* **TASK DETAILS**:
Take the lines from the beginning of the material through the line containing "1Pair Oval Colour" and retype them exactly, leaving the pictures out.
BEGIN PROVIDED RECORDS
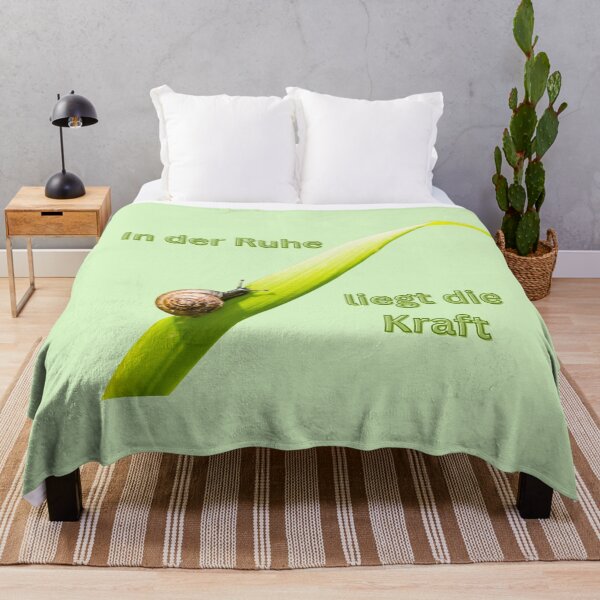 Item preview, There is strength in calmness – mindfulness with snail on blade of grass designed and sold by Katja LebenFreude.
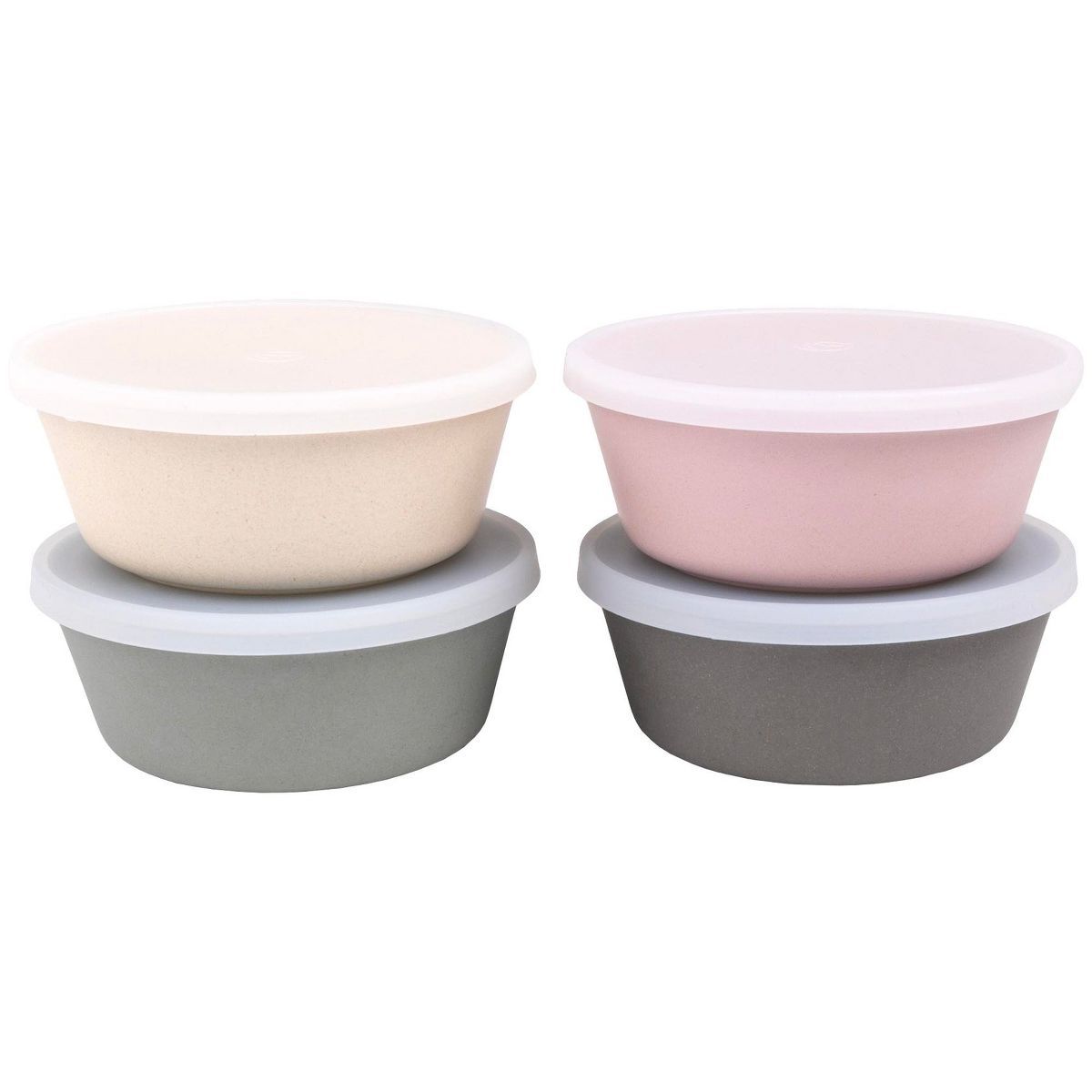 WeeSprout Bamboo Kids Bowls with Lids, Set of Four 10 oz kid-Sized Bamboo Bowls, Bamboo Kid Bowls... | Target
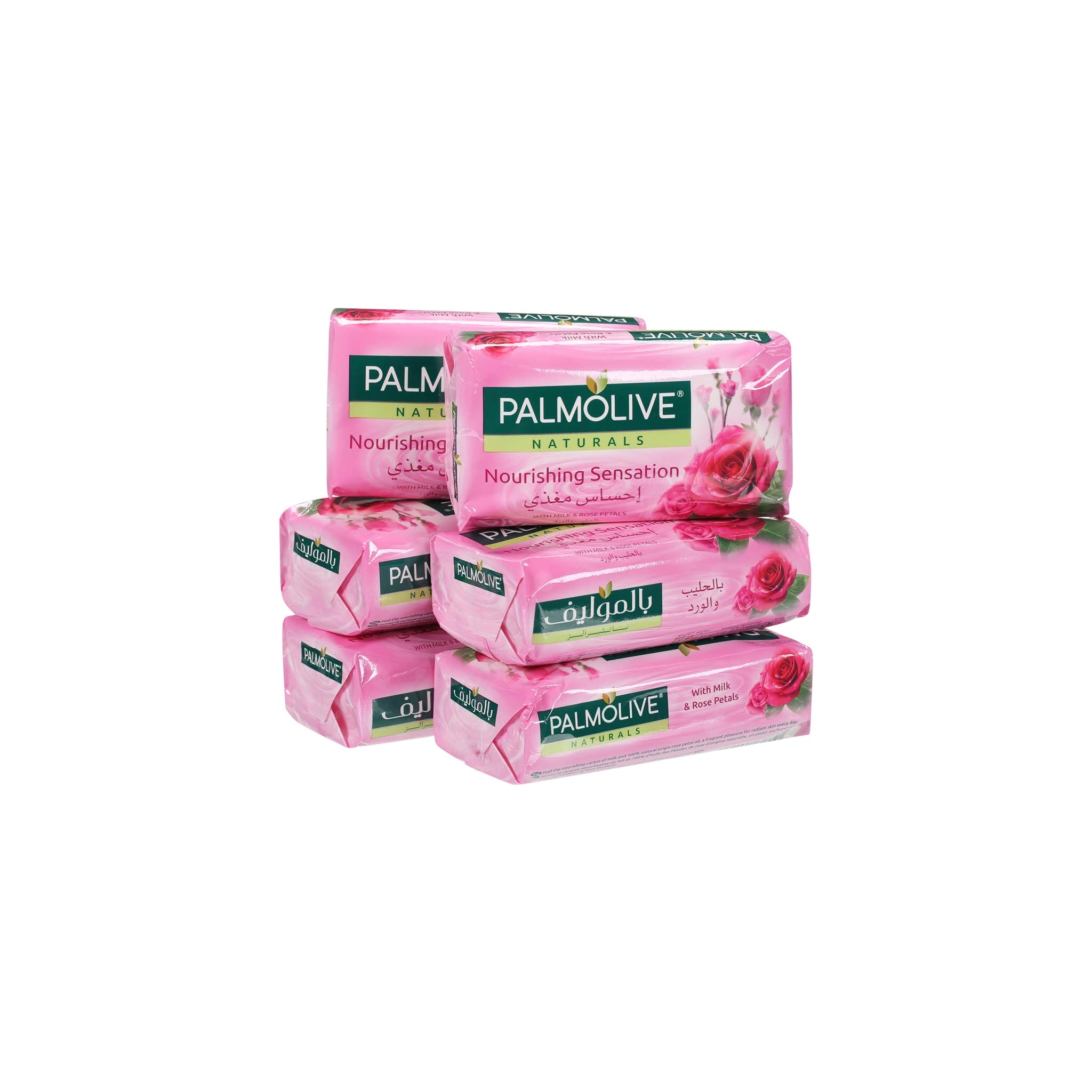 Palmolive Naturals Milk & Rose Bar Soap 120 gm 6 pcs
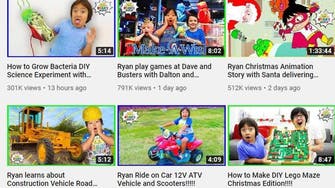 Eight-year-old is highest paid YouTuber, earns $26 million in year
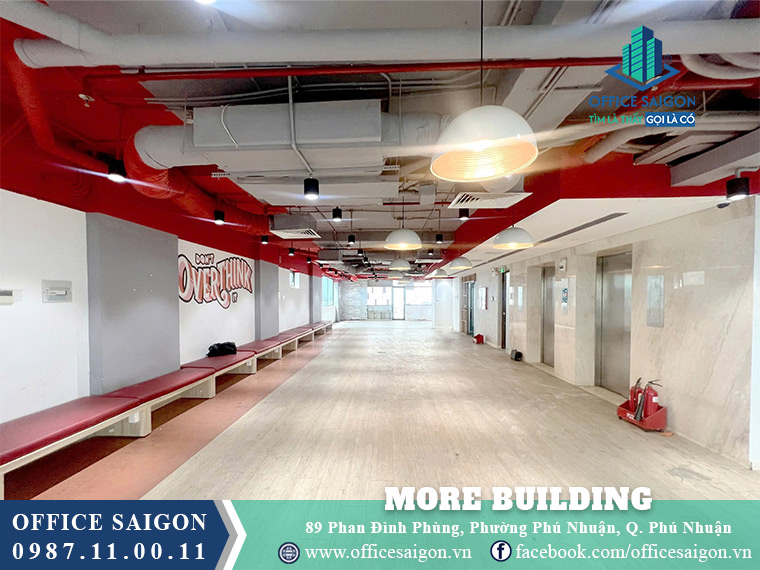 Diện tích cho thuê toà nhà More Building Phan Đình Phùng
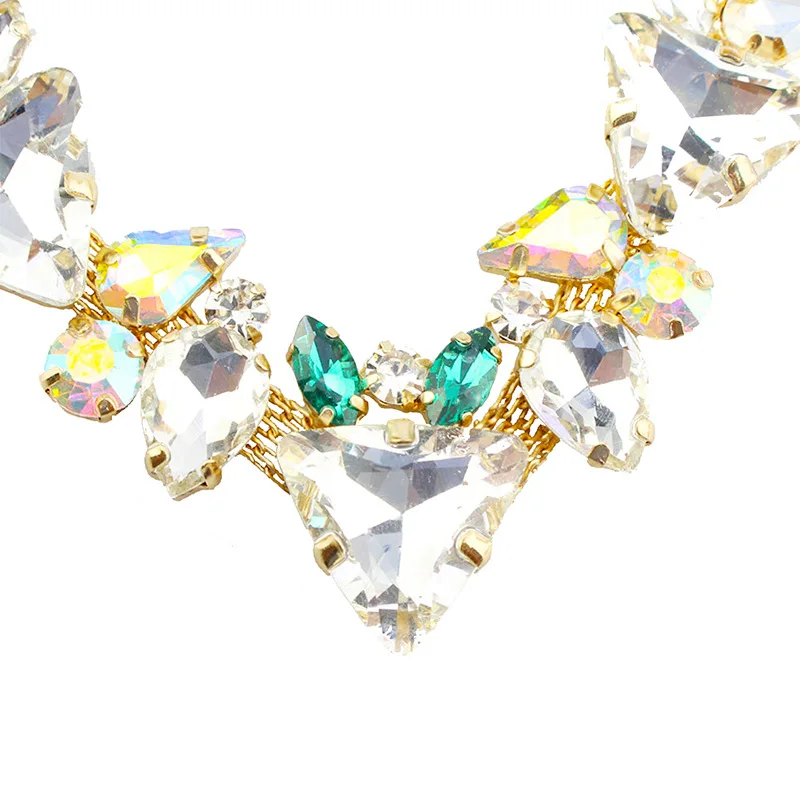 1Pair Oval Colour Crystal Rhinestone Shoe Chain Buckle Bikini Flip Flops Connectors Metal Apparel Bags Cap DIY Garment Sewing
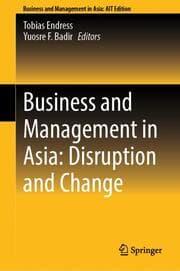 Cover von Business and Management in Asia: Disruption and Change
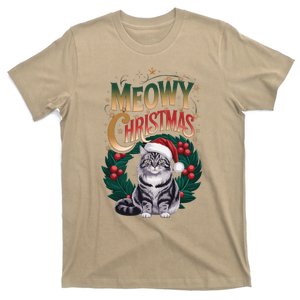 Meowy Christmas Cat Mama Maine Coon Cat Lover T-Shirt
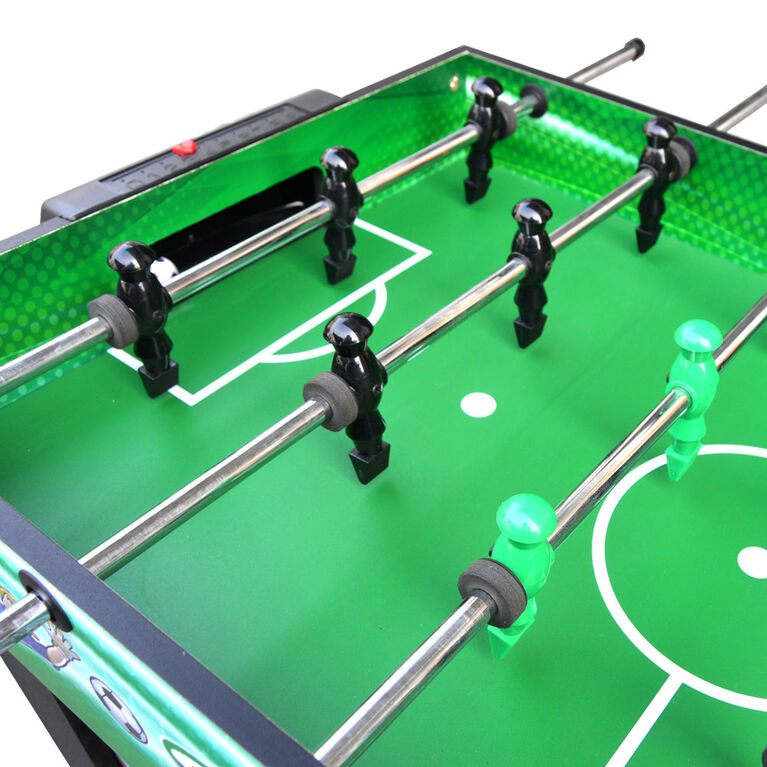 Playmaker 3-in-1 Foosball Multi-Game Table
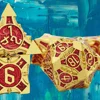 Zinc Alloy DND Dice Polyhedral Metal Dice For Dungeon and Dragon MTG Pathfinder RPG Board Game D&D Role Playing Game Dice Set 1
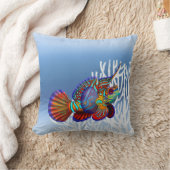 マンダリンのDragonetのハゼ礁の魚の枕 クッション (ブランケット)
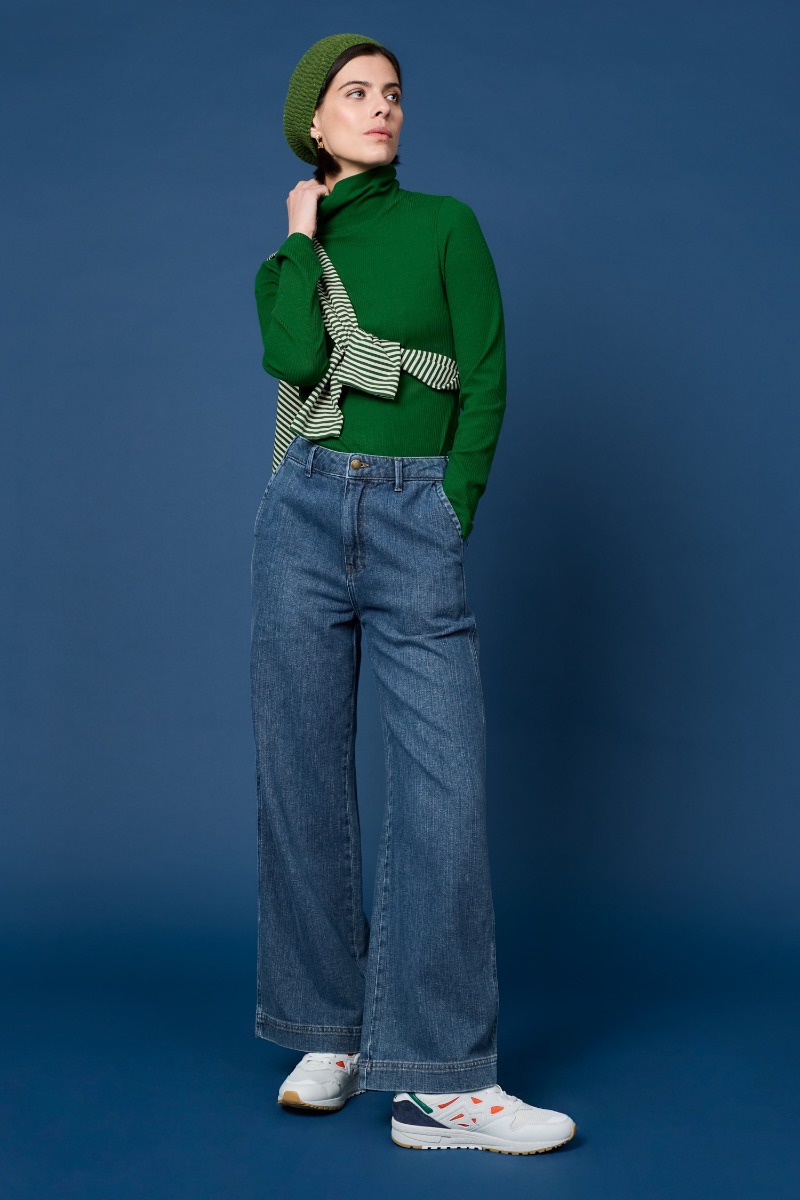 An image of Seasalt  Blake Wide Leg Jeans 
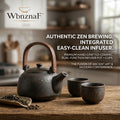 WbnznaF™ Stackable Ceramic Mug Set with Interlocking Handles, 3-in-1 Space-Saving Cup Set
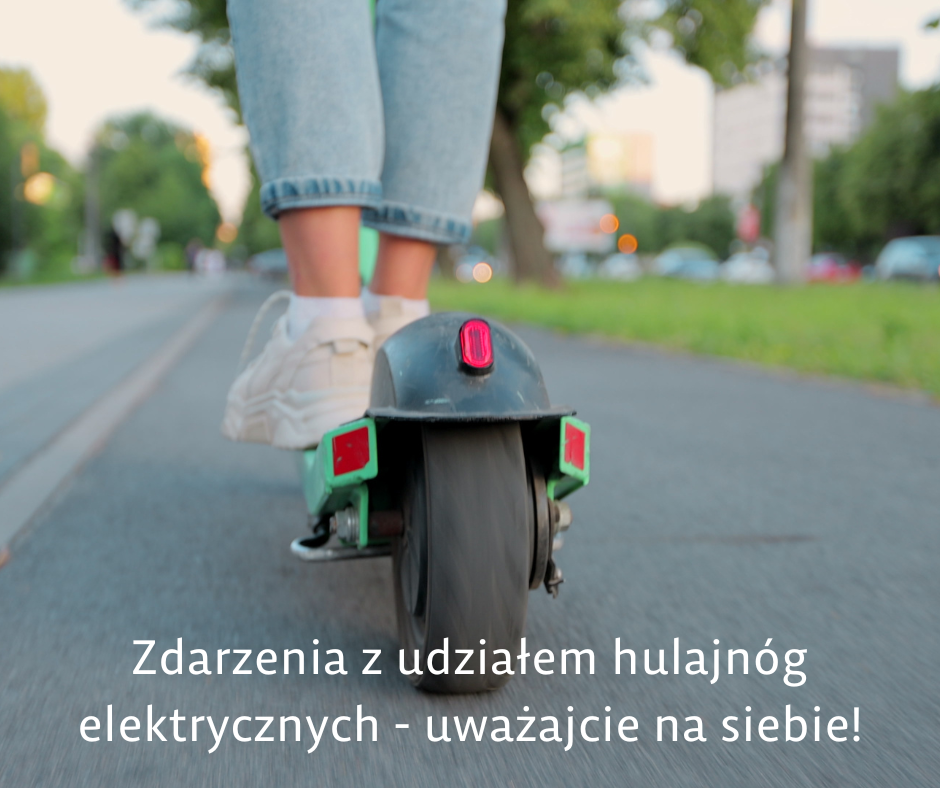 Zdarzenia z udziałem hulajnóg elektrycznych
END PROVIDED RECORDS
* **EXPECTED ANSWER**:
 Item preview, There is strength in calmness – mindfulness with snail on blade of grass designed and sold by Katja LebenFreude.
 WeeSprout Bamboo Kids Bowls with Lids, Set of Four 10 oz kid-Sized Bamboo Bowls, Bamboo Kid Bowls... | Target
 Palmolive Naturals Milk & Rose Bar Soap 120 gm 6 pcs
 Eight-year-old is highest paid YouTuber, earns $26 million in year
 Diện tích cho thuê toà nhà More Building Phan Đình Phùng
 1Pair Oval Colour Crystal Rhinestone Shoe Chain Buckle Bikini Flip Flops Connectors Metal Apparel Bags Cap DIY Garment Sewing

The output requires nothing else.